Six smoke tests pin the API contract without dispatching GPU work:

NONE is a no-op (returns 0, allocates nothing).
HOST allocates, fetches round-robin, unrefs cleanly.
DEVICE allocates, fetches, the host-mapped pointer is writable, ASan / UBSan don't flag a use-after-free on unref.
Fetch without preallocate falls back to a host-backed picture (mirrors the SYCL fallback contract for callers that ignore the preallocation surface).
Unknown method → -EINVAL.
NULL args → -EINVAL (no crash).

End-to-end scoring against pool-allocated pictures lives in the cross-backend parity gate (unchanged — preallocation only changes where bytes live, not which bytes the kernel reads).

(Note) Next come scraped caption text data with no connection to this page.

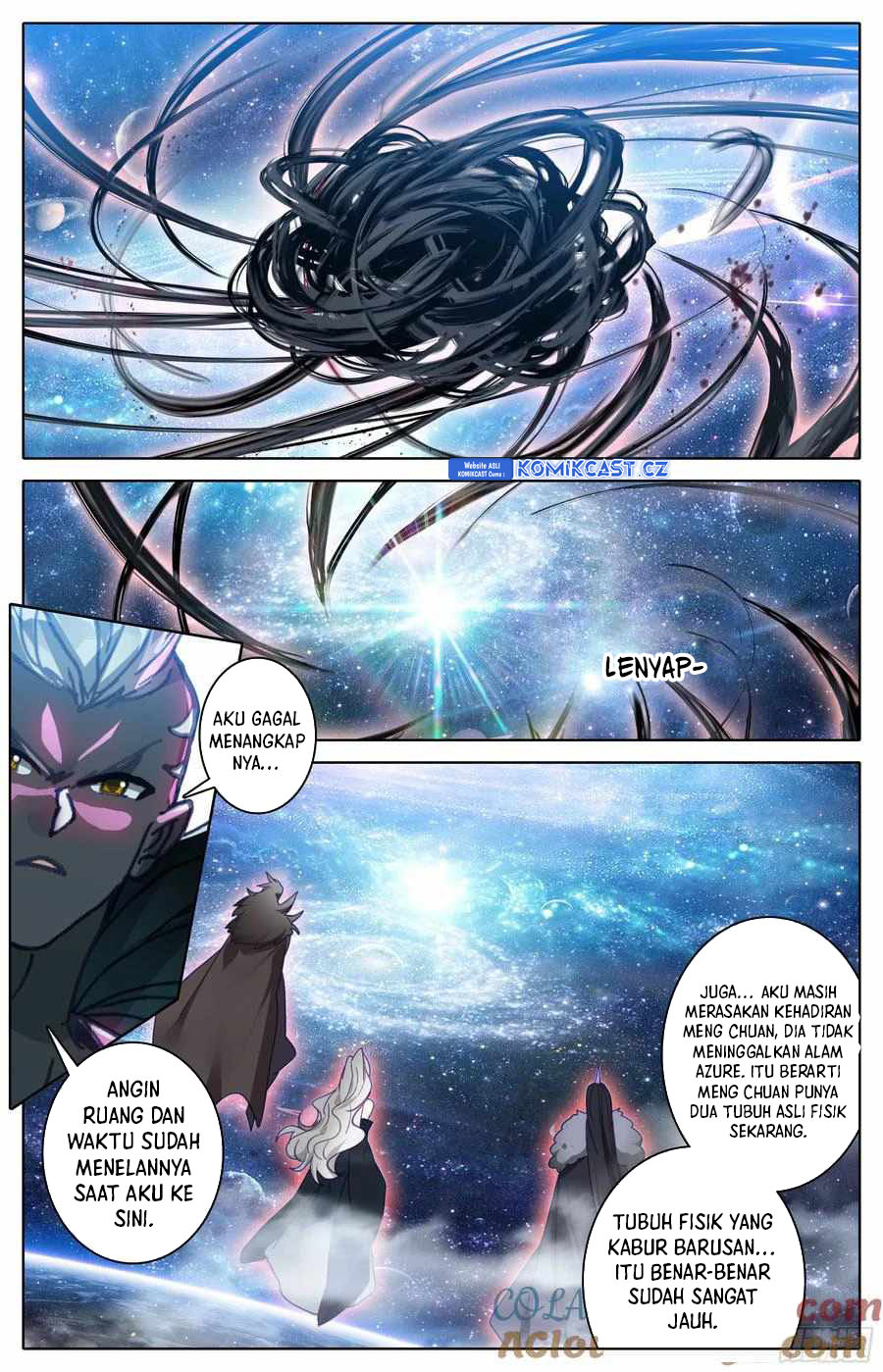 Cang Yuantu Chapter 289 Gambar 8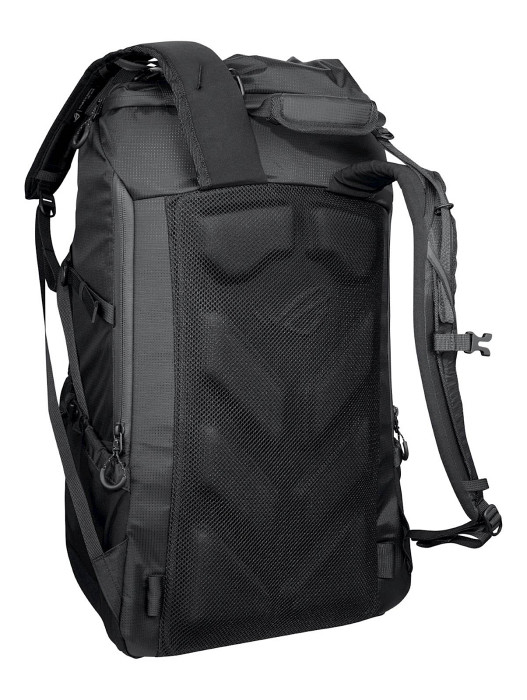 Nahrbtnik ASUS ROG Archer ErgoAir Gaming Backpack BP3800, črn, za prenosnike do 18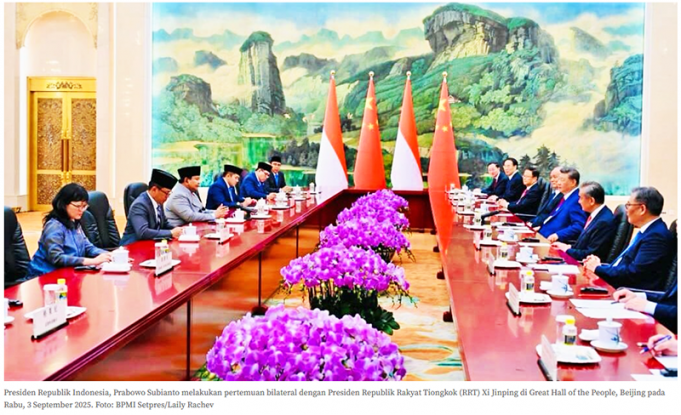 인도네시아, 중국산 수입 할랄 제품 감독 강화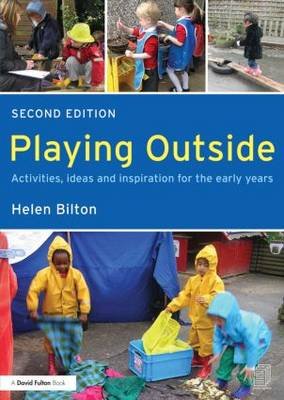 Playing Outside Bilton Helen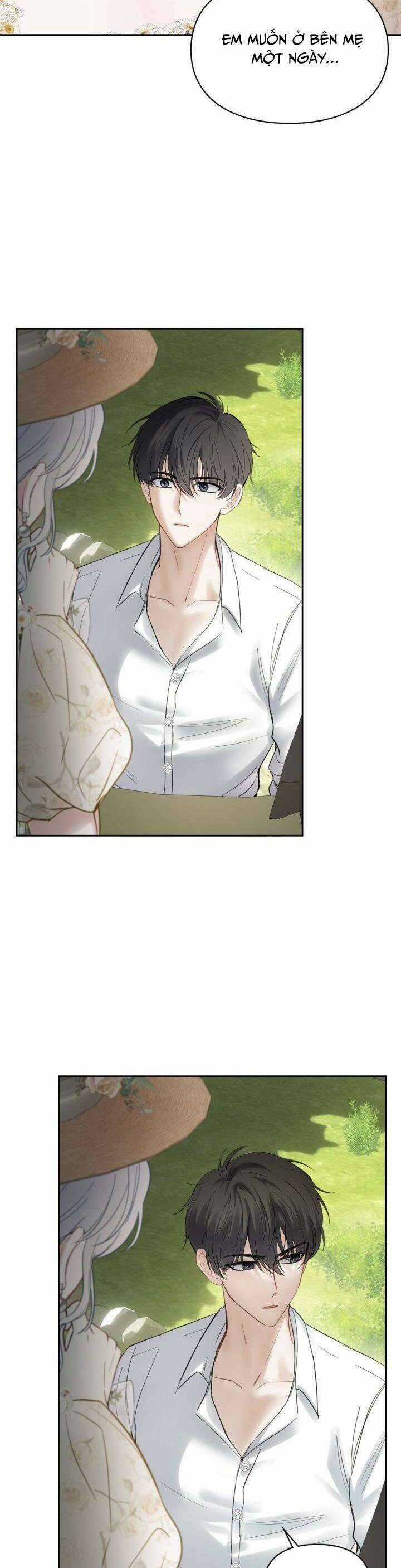 Phạm Nhân Bé Con Của Dinh Thự Mùa Đông Chapter 34 trang 28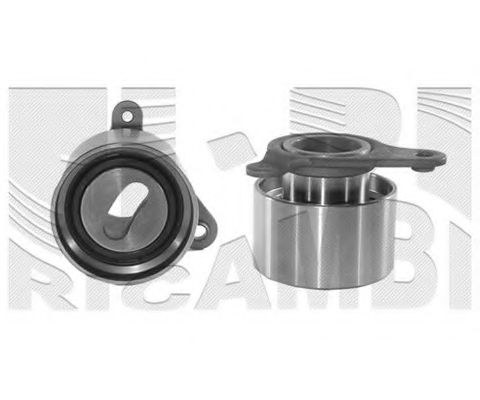 A02156 AUTOTEAM Tensioner Pulley, timing belt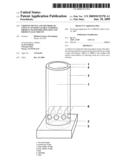 Chimney device and methods of using it to fight global warming, produce water precipitation and produce electricity diagram and image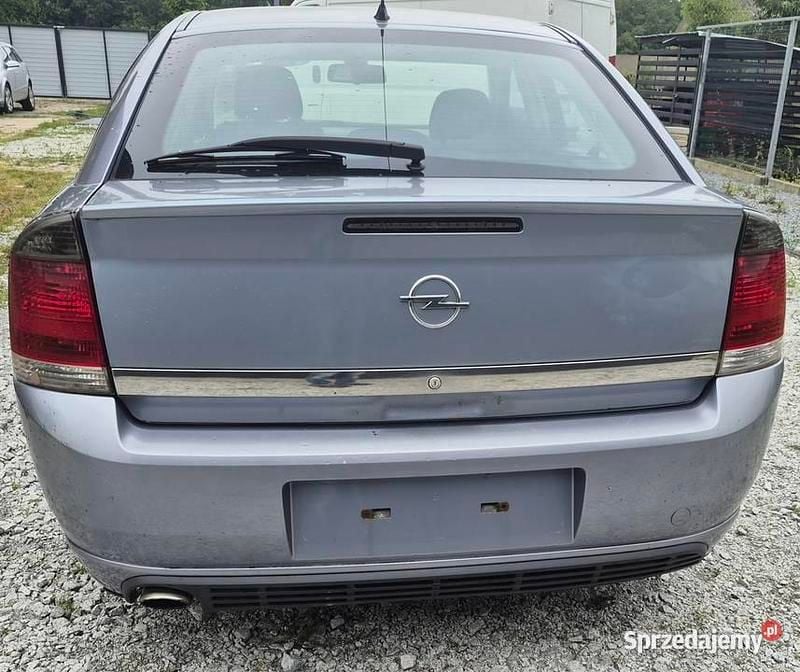 Używany Opel Vectra GTS 2004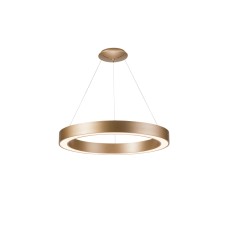 Подвесной светодиодный светильник Milosh tendence 0688CL-60GD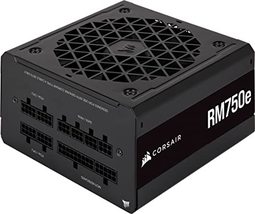 Corsair RM750e (2023) Fully Modular Low-Noise Power Supply - ATX 3.0 &amp; PCIe 5.0  - £124.08 GBP+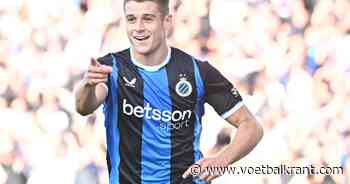 Met dank aan Sommer en de VAR: Club Brugge blijft foutloos en grijpt de leiding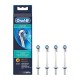 Recambio para Cepillo de Dientes Eléctrico Oral-B ED 17-4 Blanco 4 Unidades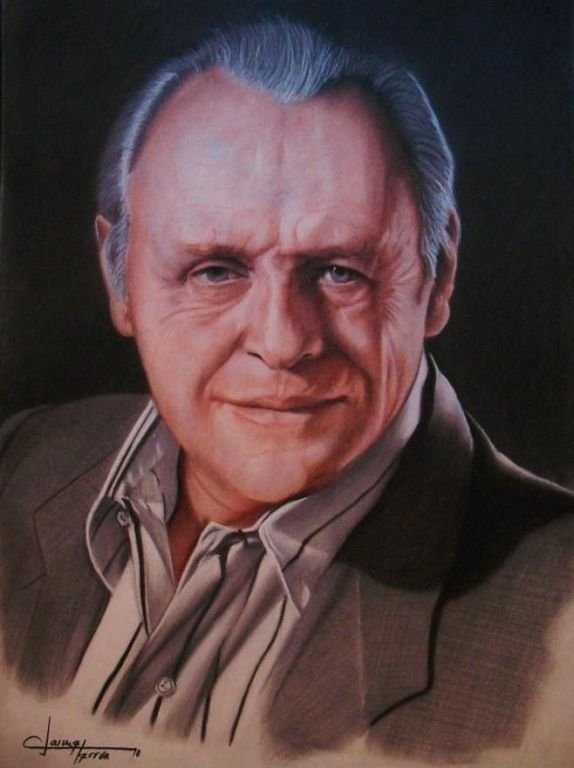 ANTHONY HOPKINS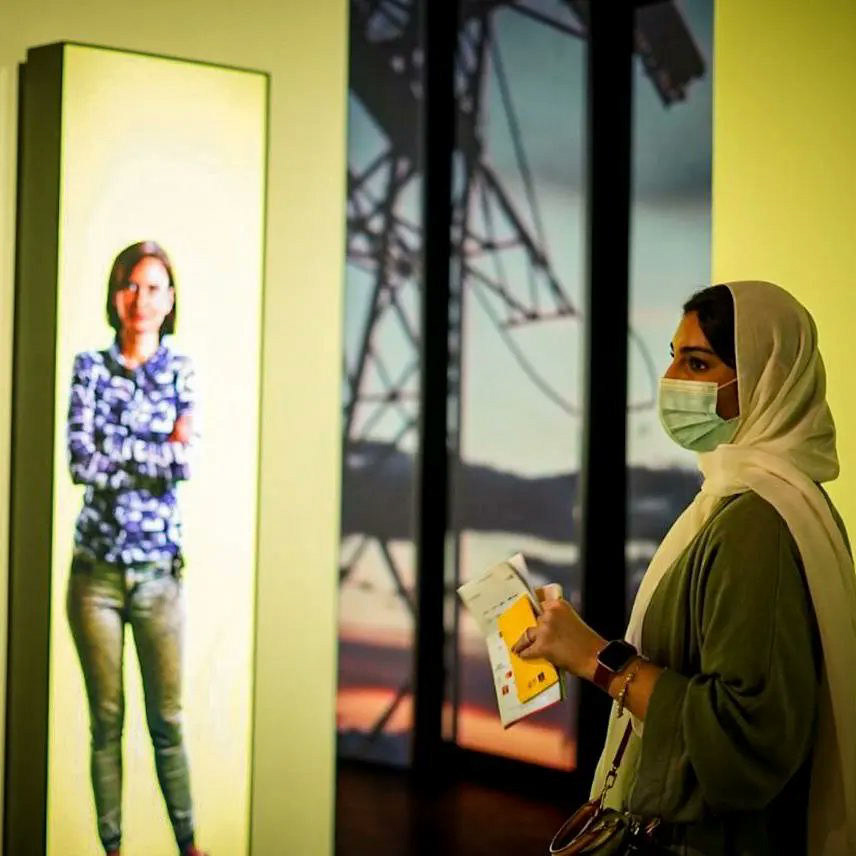 Fotografia #VenezuelaExpo2020Dubai da sala "Population"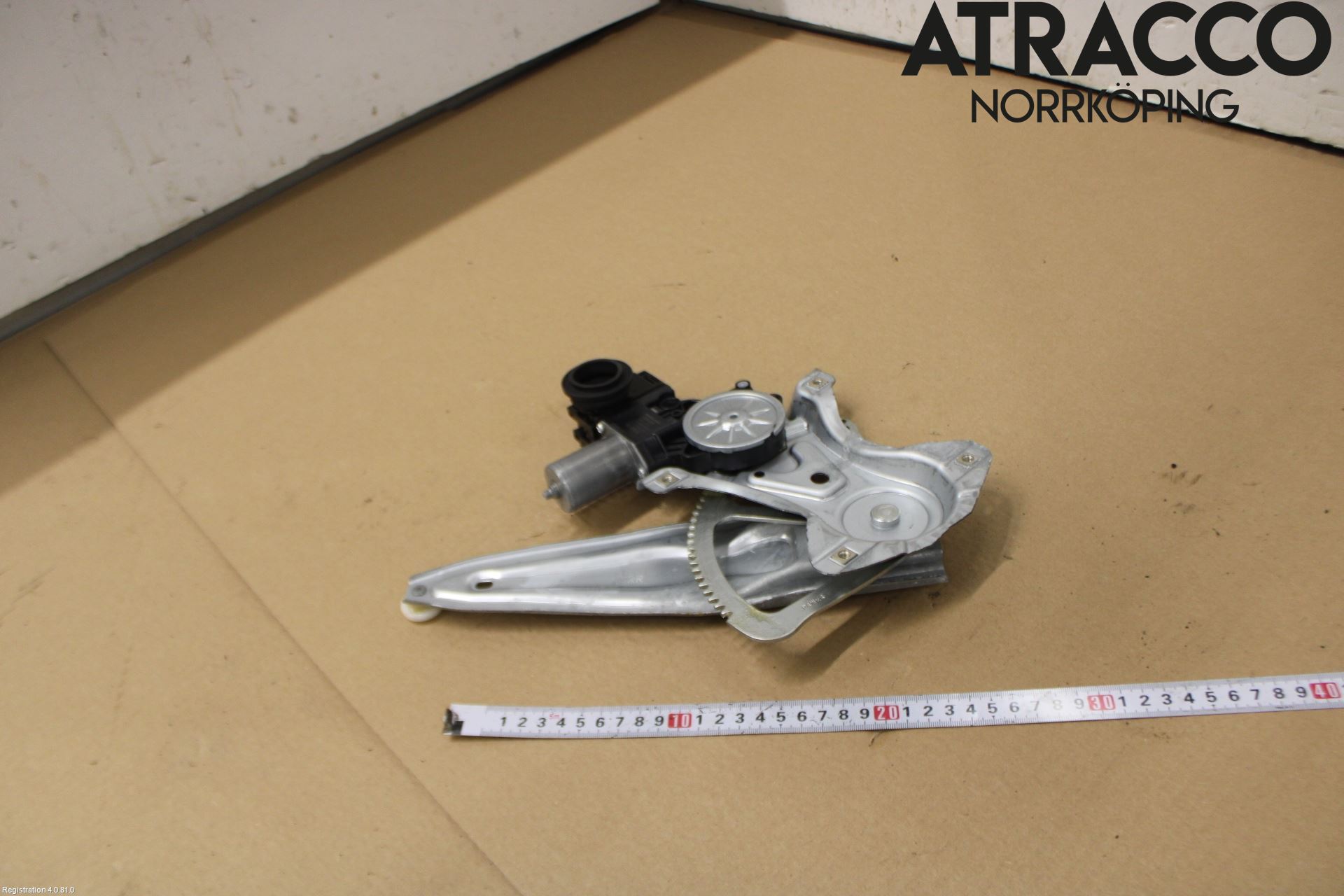 Toyota C-HR 16-23 Vindusheis El Komp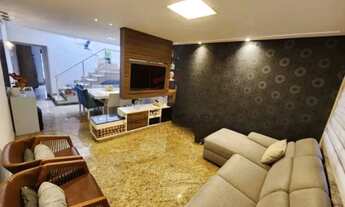 Imagem: Sobrado Residencial Para Venda - 3 quartos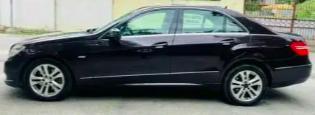 Mercedes-Benz E-Class E 250 CDI ELEGANCE 2010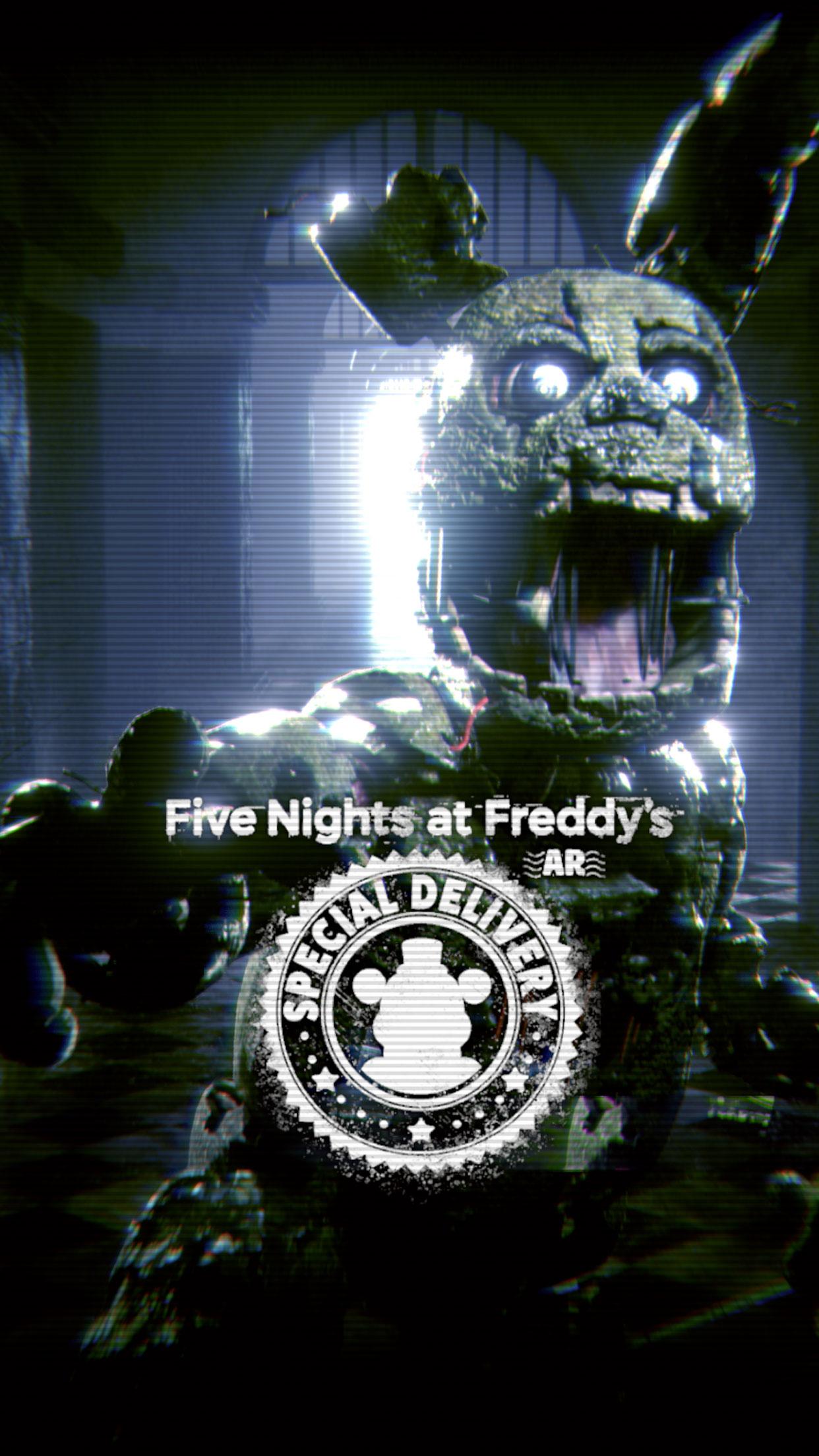 five nights at freddys imdb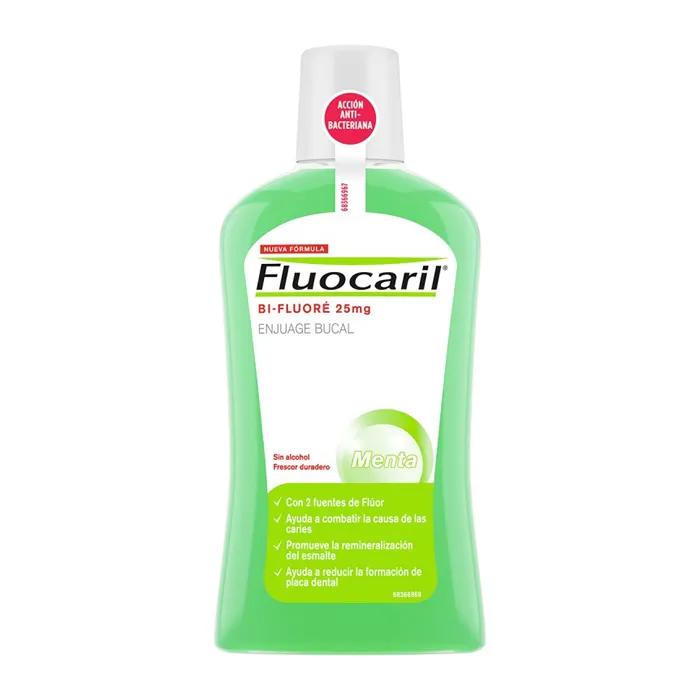 Fluocaril Би-фторидный ополаскиватель для полости рта 500 мл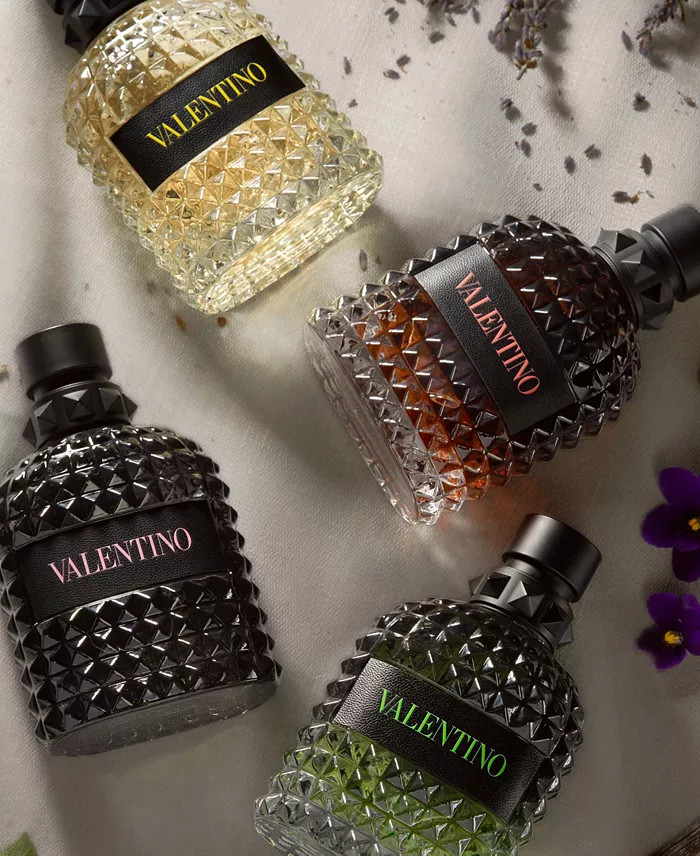 VALENTINO UOMO BORN IN ROMA Coral Fantasy EAU DE TOILETTE SPRAY 3.4 oz 100 ml thumbnail 3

What this digest deliberately defers¶

Pool depth tunable. SYCL has shipped at depth 2 for the full FFmpeg integration without complaint. If a real workload needs more, grow VmafVulkanPictureConfiguration additively.
Chroma plane preallocation. Both SYCL and Vulkan kernels are luma-only today. A future U/V-aware extractor pulls this in.
External-handles parity. The pool uses the imported state's VkInstance/VkDevice via the fork-internal vmaf_vulkan_state_context() accessor; external-handles callers (state_init_external) work transparently with no extra plumbing.
HOST_PINNED-like option. VMA's allocator API has no "pinned in the CUDA sense" mode. If a workload turns up that needs it, the right path is a new method (VMAF_VULKAN_PICTURE_PREALLOCATION_METHOD_HOST_VISIBLE_DEVICE_LOCAL, ReBAR / SAM territory).

References¶

VMA AUTO_PREFER_HOST semantics: https://gpuopen.com/learn/vulkan-renderers-memory-allocation/.
SYCL pool reference: core/src/sycl/picture_sycl.cpp (vmaf_sycl_picture_pool_init).
CUDA preallocation reference: core/include/libvmaf/libvmaf_cuda.h, core/src/libvmaf.c::vmaf_cuda_preallocate_pictures.
Parallel surfaces: ADR-0186 / ADR-0251 (zero-copy import) — not replaced by this PR; preallocation serves the host-driven path.